(AVAILABLE RECORDS Opens)

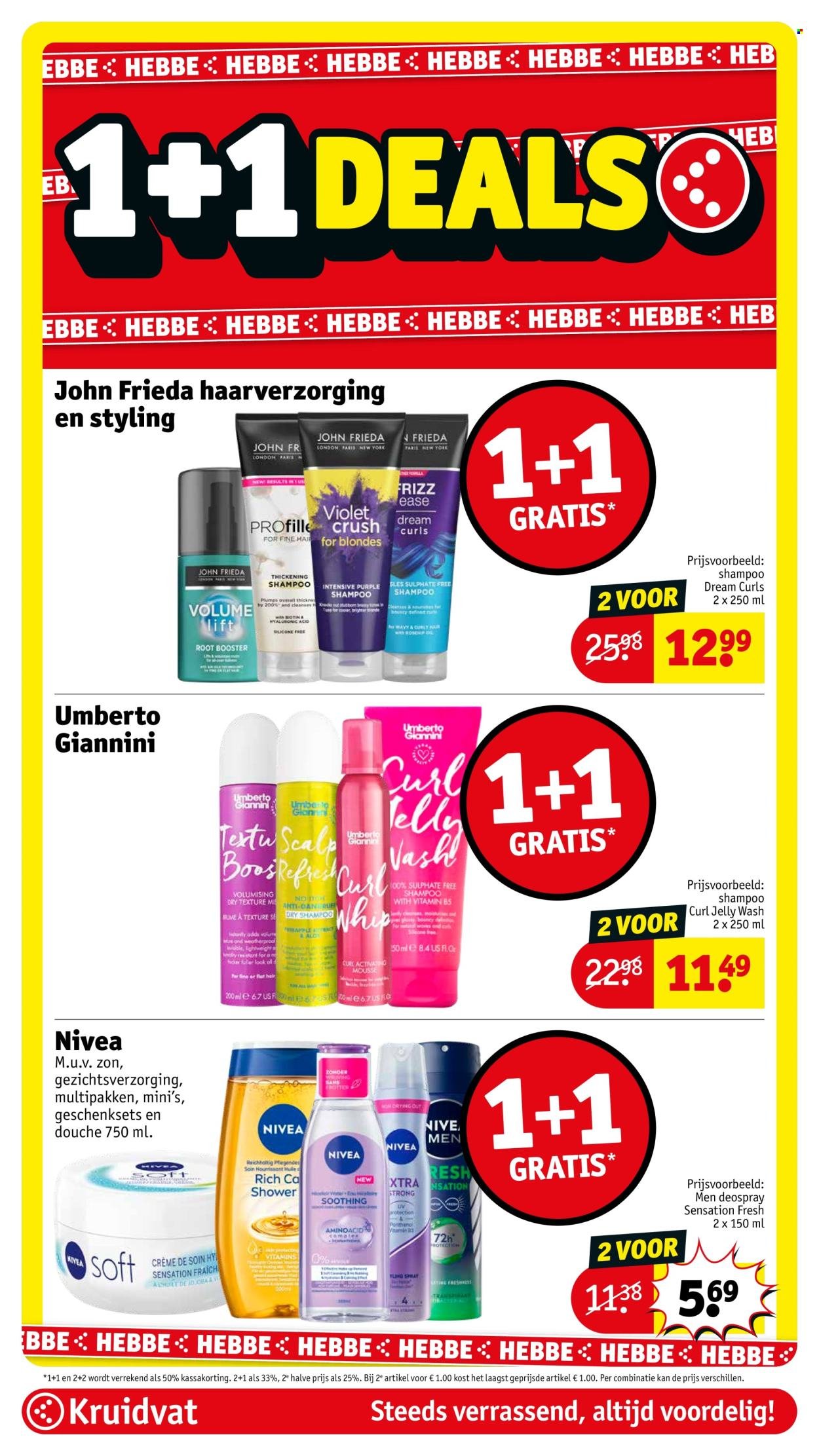 KRUIDVAT folder - Van dinsdag 13 januari 2026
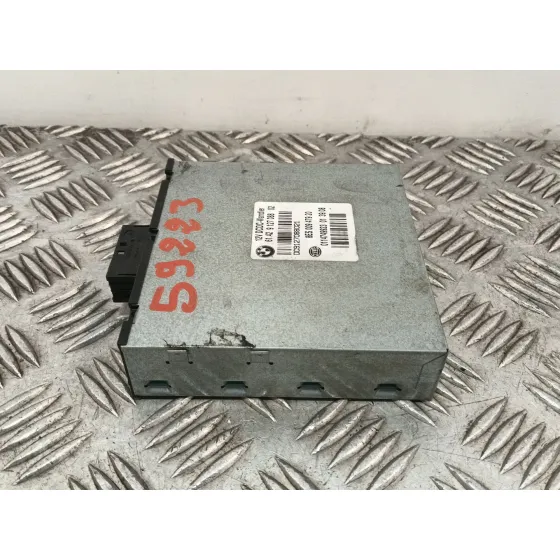 Modulo Electronico para Bmw 1 (E81)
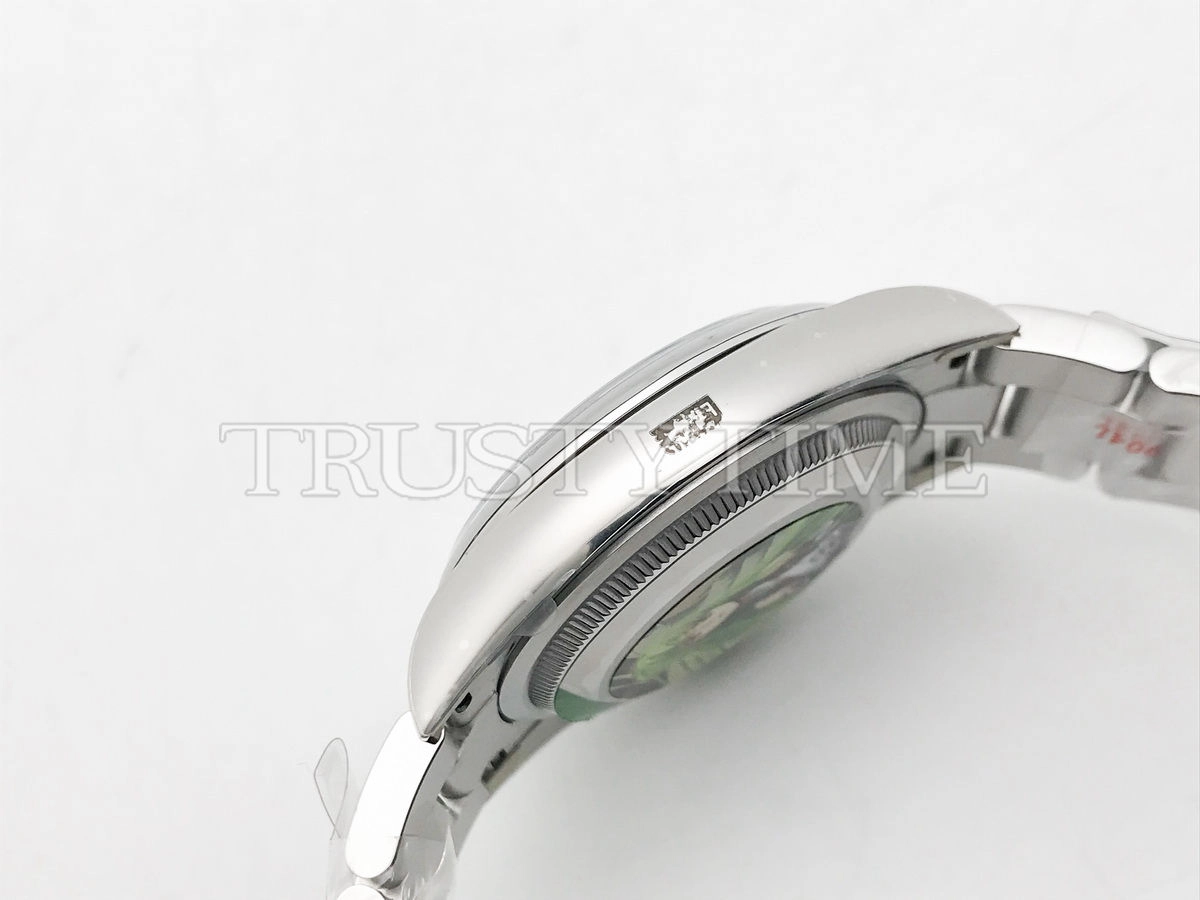 Копия часов Rolex Oyster Perpetual 36mm 126000-0003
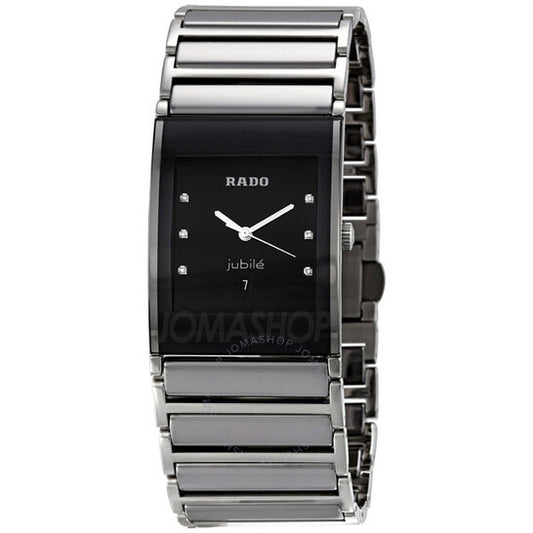 Rado, Integral Jubilee Diamond Men's Watch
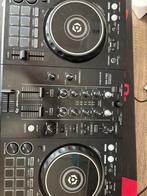 Pioneer DDJ 400 inclusief stofkap speakers en koptelefoon, Muziek en Instrumenten, Ophalen, Zo goed als nieuw, Dj-set, Pioneer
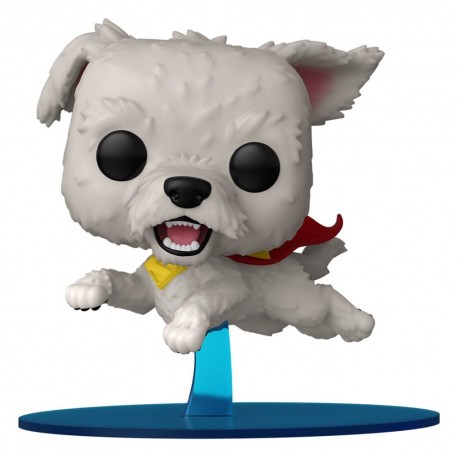 Funko POP! Krypto Superman (2025)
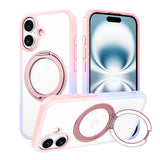 Car Magnetic Phone Holder With Airbag Anti-slip Feature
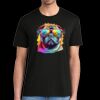 Super Soft Perfect Tri ® Tee Thumbnail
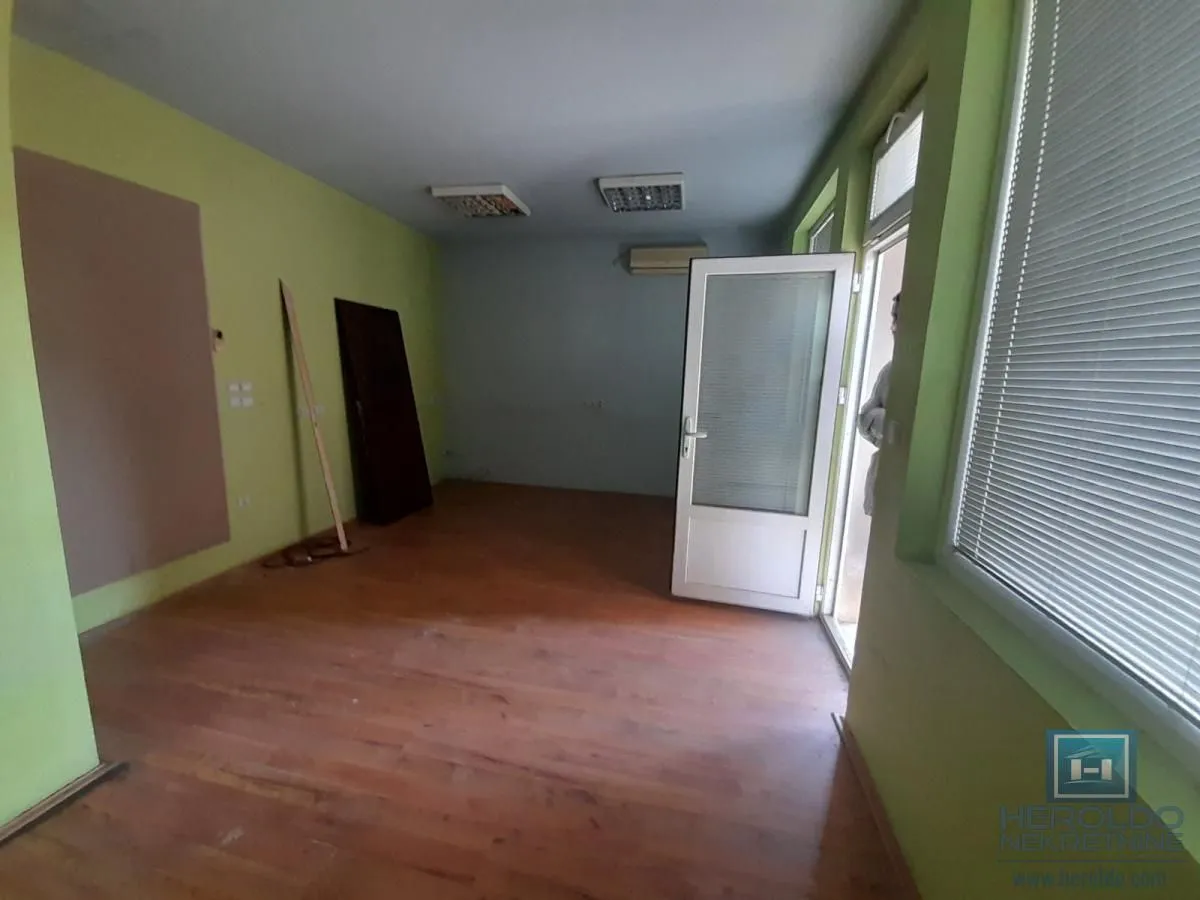 Rent, office space, 20m², Centar, Jagodina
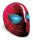 Avengers: Endgame Marvel Legends Series Elektronischer Helm Iron Spider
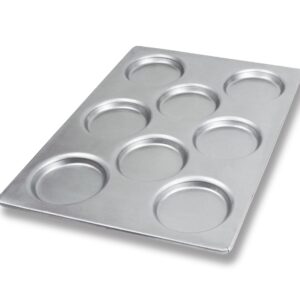 Hamburger Bun Pan - 71300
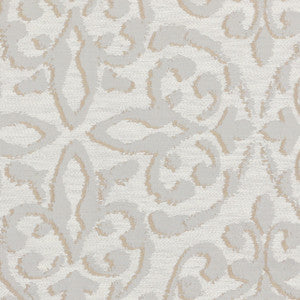 Phoebe 2 Flint by Stout Designer Fabric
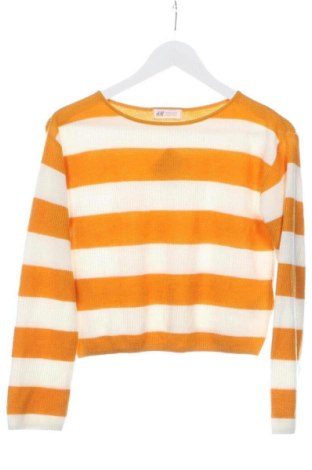 Dziecięcy sweter H&M, Rozmiar 10-11y/ 146-152 cm, Kolor Kolorowy, Cena 48,23 zł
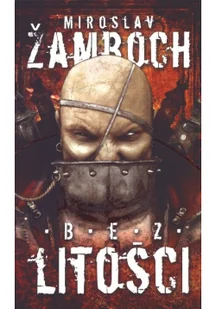 Bez litości - Fantasy Bez litości - Fantasy - miniaturka - grafika 2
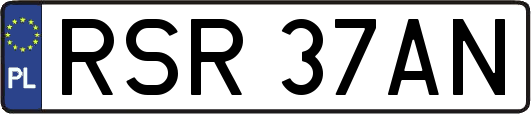 RSR37AN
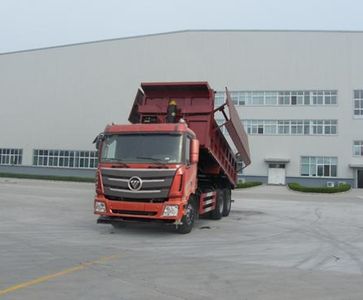 Ouman  BJ3253DLPKB2 Dump truck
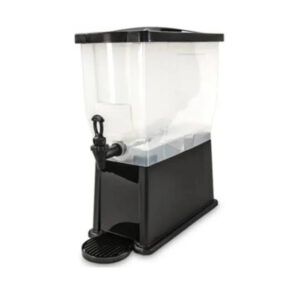 DISPENSADOR DE JUGOS MCEQDJ08 MARCA CONCASSÉ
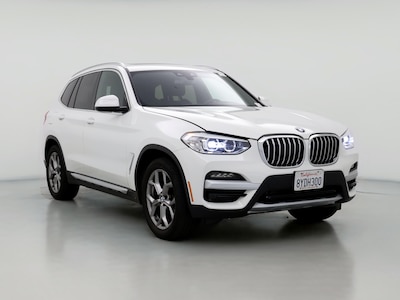 2021 BMW X3 xDrive30i -
                Los Angeles, CA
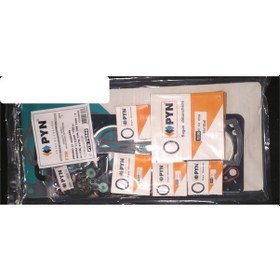 Resim Py70202 - Motor Takım Conta Keçelı R12 1.4 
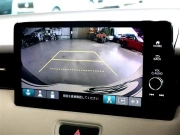 Honda Vezel Z Play Package 2024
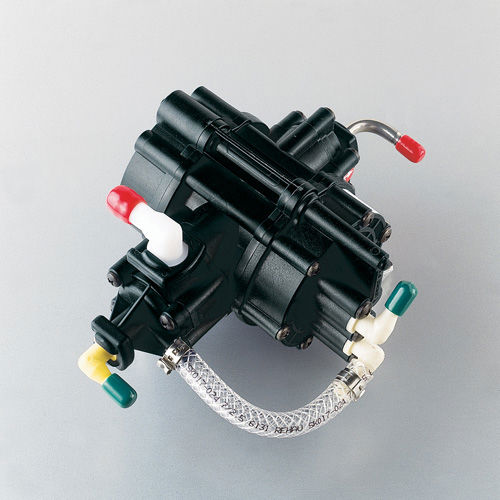 POMPE PNEUMAT.SHURFLO NOIR 166-200-28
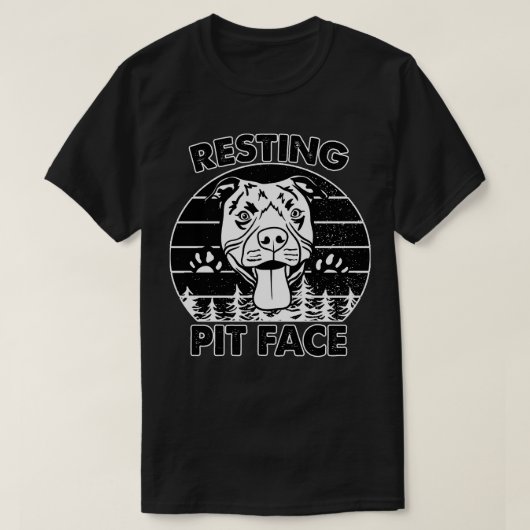 Pitwand T-Shirt (Design vorne)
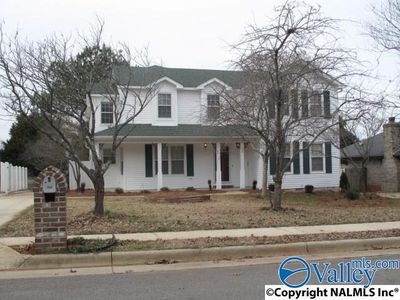 108 Progress Ln, Madison, AL, 35758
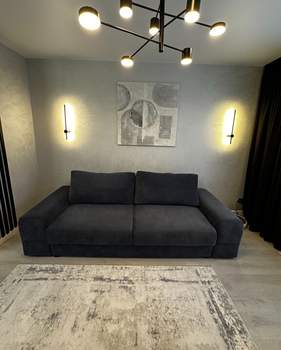 1-к квартира, на длительный срок, 35м2, 3/6 этаж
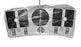 Tidi Products Wide Footswitch Cover 36 L X 20 W Inch OEC UroView 2800 Wide - 5422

(AVAILABLE RECORDS Closes)

_HOW TO COMPLETE THIS TASK_
Pick up at the line containing "Car Magnetic Phone" and copy each line exactly until the data ends, including that last line; copy no pictures.

_ANSWER BELOW_
 Car Magnetic Phone Holder With Airbag Anti-slip Feature
 Super Soft Perfect Tri ® Tee Thumbnail
 Rent, office space, 20m², Centar, Jagodina
 Avengers: Endgame Marvel Legends Series Elektronischer Helm Iron Spider
 Hamburger Bun Pan - 71300
 Phoebe 2 Flint by Stout Designer Fabric
 Dziecięcy sweter H&M, Rozmiar 10-11y/ 146-152 cm, Kolor Kolorowy, Cena 48,23 zł
 Bez litości - Fantasy Bez litości - Fantasy - miniaturka - grafika 2
 RSR37AN
 Ouman  BJ3253DLPKB2 Dump truck
 DISPENSADOR DE JUGOS MCEQDJ08 MARCA CONCASSÉ
 2021 BMW X3 xDrive30i -
                Los Angeles, CA
 Resim Py70202 - Motor Takım Conta Keçelı R12 1.4 
 Honda Vezel Z Play Package 2024
 POMPE PNEUMAT.SHURFLO NOIR 166-200-28
 Pitwand T-Shirt (Design vorne)
 108 Progress Ln, Madison, AL, 35758
 1-к квартира, на длительный срок, 35м2, 3/6 этаж
 Tidi Products Wide Footswitch Cover 36 L X 20 W Inch OEC UroView 2800 Wide - 5422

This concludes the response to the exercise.